Es geht auch nicht darum, dass wir den Familien in diesem Land vorschreiben, welches Rollenbild sie in ihren Partnerschaften vereinbaren.

(Beifall FDP und CDU)

Wenn sich Ehepaare darin einig sind, dass einer arbeiten geht und der andere zu Hause bleibt und die Kinder erzieht und versorgt, dann ist das genauso akzeptabel wie die Entscheidung, dass beide Partner Karriere machen wollen und dabei auf Kinder verzichten.

(Beifall FDP und der Abgeordneten Dr. Ludwig [CDU])

Beides kann man kritisieren, aber beides muss man auch akzeptieren und den Partnern bei ihren individuellen Lebensentwürfen die freie Wahl lassen.

Die Ursachen der noch immer vorhandenen Unterschiede zwischen Männern und Frauen sind oftmals die nicht vorhandenen Betreuungsmöglichkeiten für Kinder, insbesondere auch 24-Stunden-Kitas, die es allen Partnern erlauben, ihre Karriere mit dem Kinderwunsch zu vereinbaren.

(Frau Kircheis [SPD]: Thema verfehlt!)

Teilzeitarbeit ist in der Regel weiblich. Daran hat auch das Gleichstellungsdurchsetzungsgesetz - allein schon dieser Name! -, mit dem die Große Koalition mehr Männer zu Teilzeitarbeit motivieren wollte, nichts geändert. 32 % der weiblichen Beschäftigten arbeiten Teilzeit, ein Drittel davon, weil sie keine Kinderbetreuung für den ganzen Tag bekommen. Alleinerziehende Frauen beziehen, statistisch betrachtet, am häufigsten Arbeitslosengeld II.

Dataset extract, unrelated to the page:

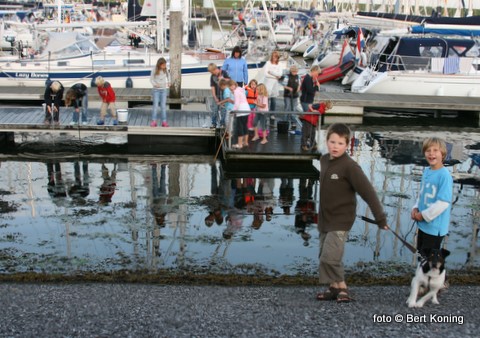 Op de steigers van de Waddenhaven in Oudeschild geniet de jeugd van het mooie weer en krabben vissen.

Es gibt drei Punkte, die ursächlich zu Lohnunterschieden zwischen Frauen und Männern führen:

Erstens: Viele junge Mädchen entscheiden sich noch immer für traditionell als weiblich geltende Berufe. Viele dieser Berufe sind eine Einbahnstraße, weil es so gut wie keine Aufstiegsmöglichkeiten gibt.

Zweitens: Wenn sich Frauen der Familie zuliebe für mehrere Jahre aus dem Beruf ausklinken, haben sie später häufig schlechte Karten; denn da sie weniger Berufserfahrung haben, verdienen sie weniger als männliche Kollegen.

(Frau Alter [SPD]: Genau!)

Drittens: Es gibt Probleme bei der Vereinbarkeit von Familie und Beruf. Diese Probleme sind oft der Grund, warum Frauen in Teilzeit arbeiten.